◆ WHAT IS EXPECTED
Your copy should match the entries exactly, with the pictures left out.
RECORD EXTRACTS below:
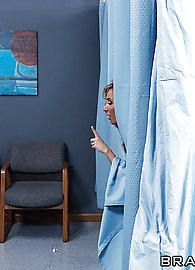 Richelle Ryan Photo 12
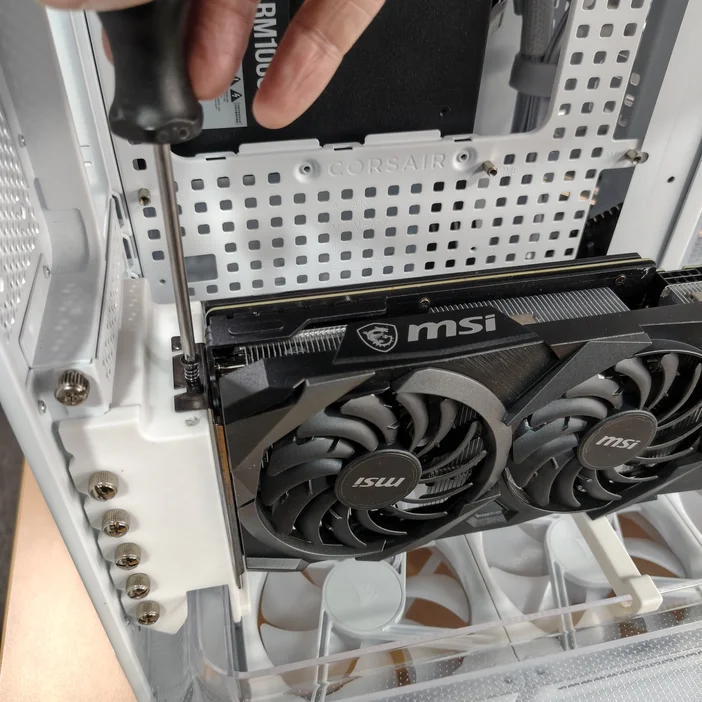 AIR 5400 3D mount screwing GPU into place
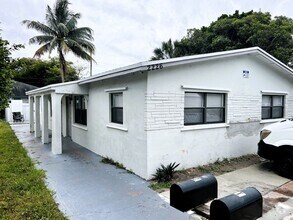 Building Photo - 2226 Cody St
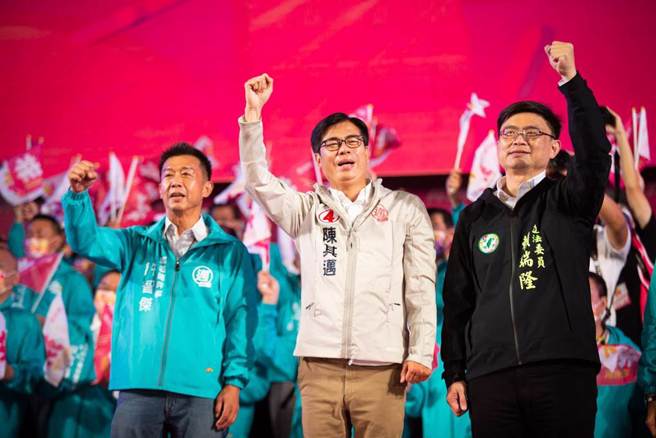 陈其迈登台，现场气氛到达最高点。（袁庭尧摄）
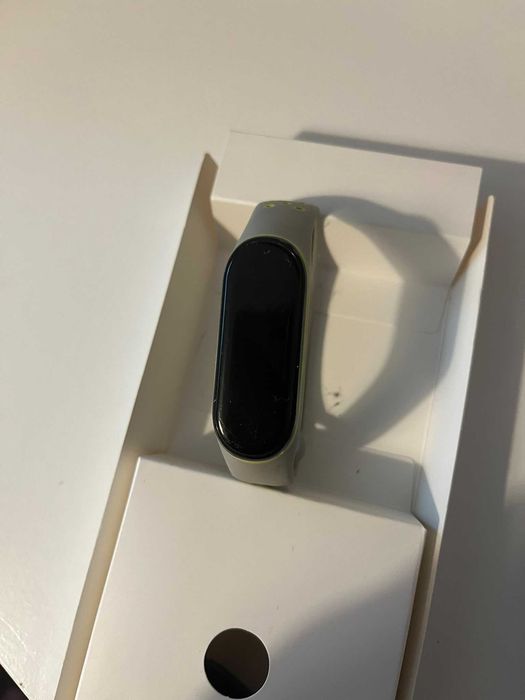Xiaomi Mi Band 4 + Acessórios - Bom estado e caixa original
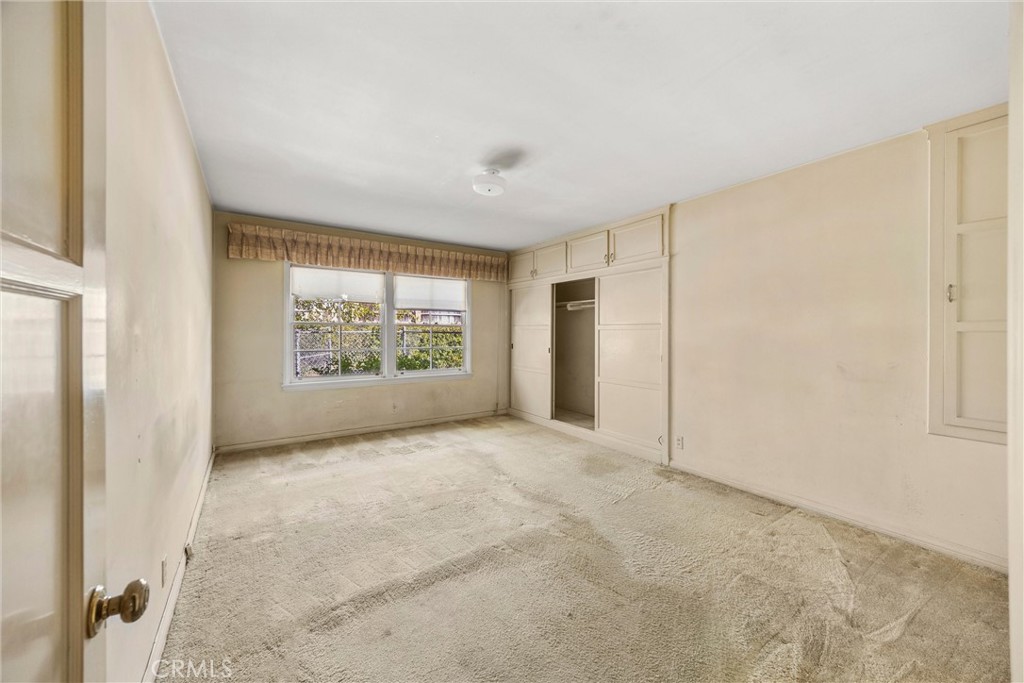 1056 Cerritos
End of RECORD EXTRACTS.
◆ EXERCISE ANSWER
 Richelle Ryan Photo 12
 AIR 5400 3D mount screwing GPU into place
 Building Photo - 2226 Cody St
 陈其迈登台，现场气氛到达最高点。（袁庭尧摄）
Xiaomi Mi Band 4 + Acessórios - Bom estado e caixa original
 1056 Cerritos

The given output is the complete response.